[Short descriptive text snippets]
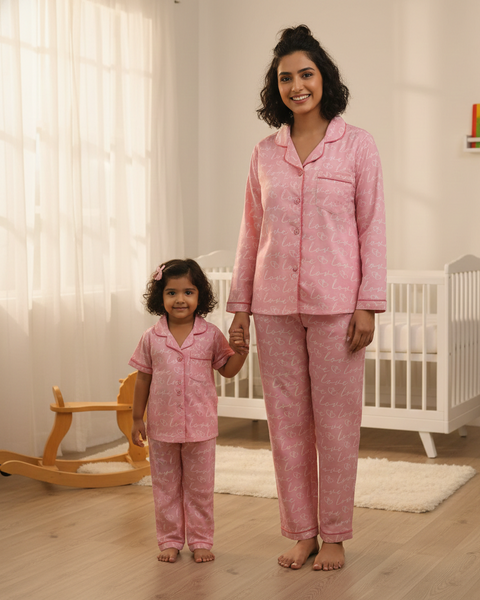 LOVE Printed Night Suit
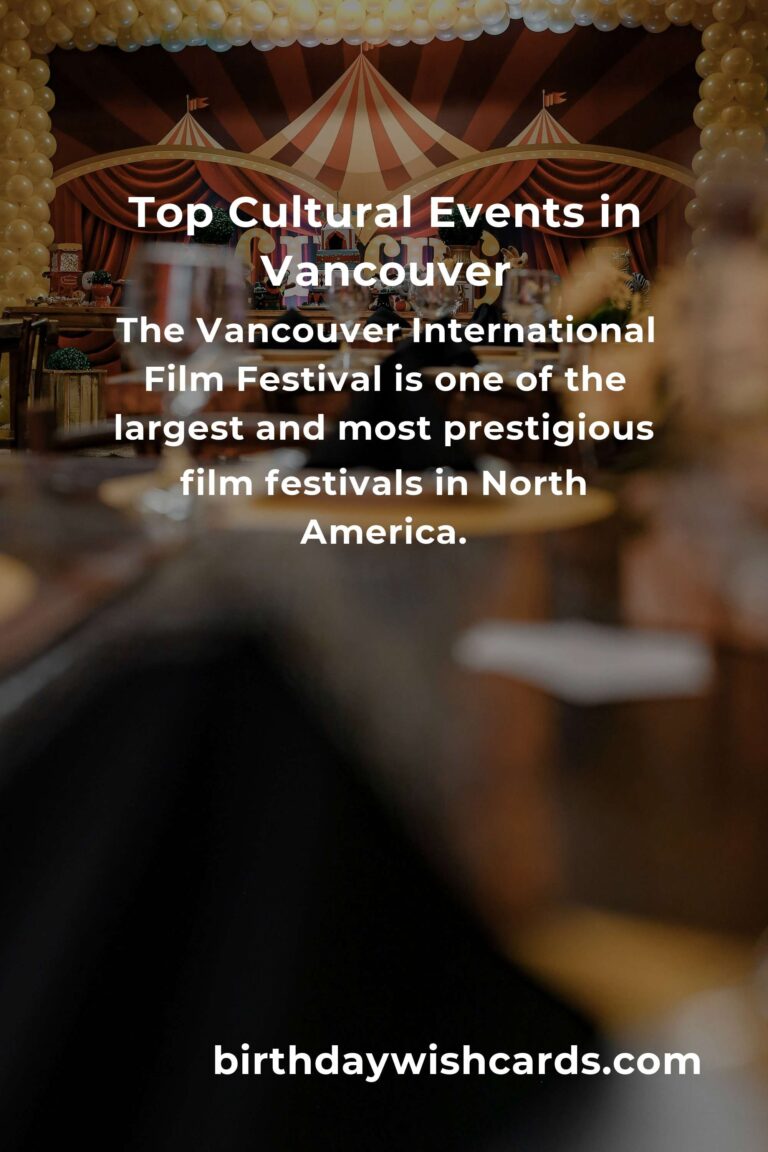 Vancouver Cultural Events You Can’t Miss in 2025
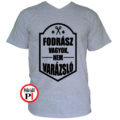 fodrász póló nem varázsló férfi szürke
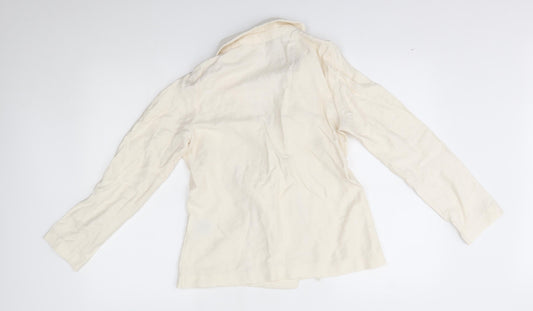H&M Womens Beige Jacket Blazer Size XS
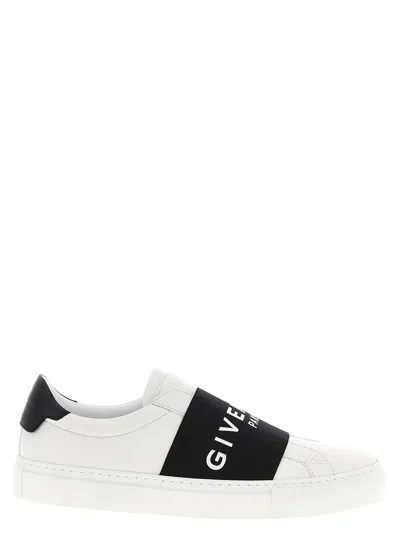 Givenchy Urban Street Sneakers In Leather With Elastic Band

(Problem):
Please output every record above exactly as written, leaving out the pictures.

(Exercise solution):
 LOVE Printed Night Suit
 Vancouver Cultural Events You Can’t Miss in 2025
 fodrász póló nem varázsló férfi szürke
H&M Womens Beige Jacket Blazer Size XS
 Givenchy Urban Street Sneakers In Leather With Elastic Band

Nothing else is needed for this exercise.